Hurricane Beryl is hurtling towards Jamaica and is expected to make landfall in the next few hours, as ITV News correspondent Geraint Vincent reports
Hurricane Beryl is roaring past Jamaica after killing at least six people in the south-east Caribbean earlier this week.
The storm is expected to generate a “life-threatening storm surge” and dangerous winds in portions of Jamaica and the Cayman Islands, according to the National Hurricane Centre.
Jamaica has been placed under a state of emergency for the next seven says, with Prime Minister Andrew Holness announcing an island-wide curfew between 6am and 6pm local time on Wednesday.
It is now considered a very strong Category 4 hurricane, with winds of 150 mph.
The Prince and Princess of Wales are reported to be privately donating to relief efforts and are following the impact of the hurricane closely.
By midday, winds howled in the Jamaica’s capital, turning the sea into churning whitecaps as Beryl’s eye scraped by the island’s southern coast.
Previously, it was named the earliest storm to develop into a Category 5 hurricane in the Atlantic and peaked at winds of 165 mph earlier this week.
After making landfall on the Grenadines, the storm left behind a path of “immense destruction, pain (and) suffering”, Prime Minister Ralph Gonsalves said.
Three people were reported to have died in Grenada and Carriacou and another in St. Vincent and the Grenadines, officials said.
Another two deaths were reported in northern Venezuela, bringing the death toll to six.
“The situation is grim,” Grenadian Prime Minister Dickon Mitchell said. “There is no power, and there is almost complete destruction of homes and buildings on the island.
“The roads are not passable, and in many instances they are cut off because of the large quantity of debris strewn all over the streets.”
Mitchell added: “The possibility that there may be more fatalities remains a grim reality as movement is still highly restricted.”
Beryl’s rapidly intensifying strength and early arrival are rare for the Atlantic hurricane season and are a troubling indicator that this season will be far from normal.
The storm has already shattered numerous records. On Sunday it became the earliest major hurricane – defined as one that is Category 3 or higher – in the Atlantic in 58 years and the only one to reach Category 4 status in the month of June.
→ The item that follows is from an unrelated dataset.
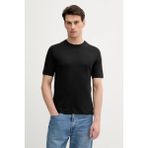 Sisley Liyosel Karışımlı Yırtmaçlı Regular Fit T-Shirt Erkek Siyah T-Shirt - 325P361vs104k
The hurricane was able to churn to life because the ocean is as warm now as it would normally be at the peak of hurricane season, said Jim Kossin, a hurricane expert and science advisor at the nonprofit First Street Foundation.
“Hurricanes don’t know what month it is, they only know what their ambient environment is,” Mr Kossin said. “Beryl is breaking records for the month of June because Beryl thinks it’s September.”
Mr Kossin added the ocean heat fueling Beryl’s unprecedented strengthening “certainly have a human fingerprint on them”.
The National Oceanic and Atmospheric Administration predicts the 2024 hurricane season is likely to be well above average, with between 17 and 25 named storms. The forecast calls for as many as 13 hurricanes and four major hurricanes.
An average Atlantic hurricane season produces 14 named storms, seven of them hurricanes and three major hurricanes.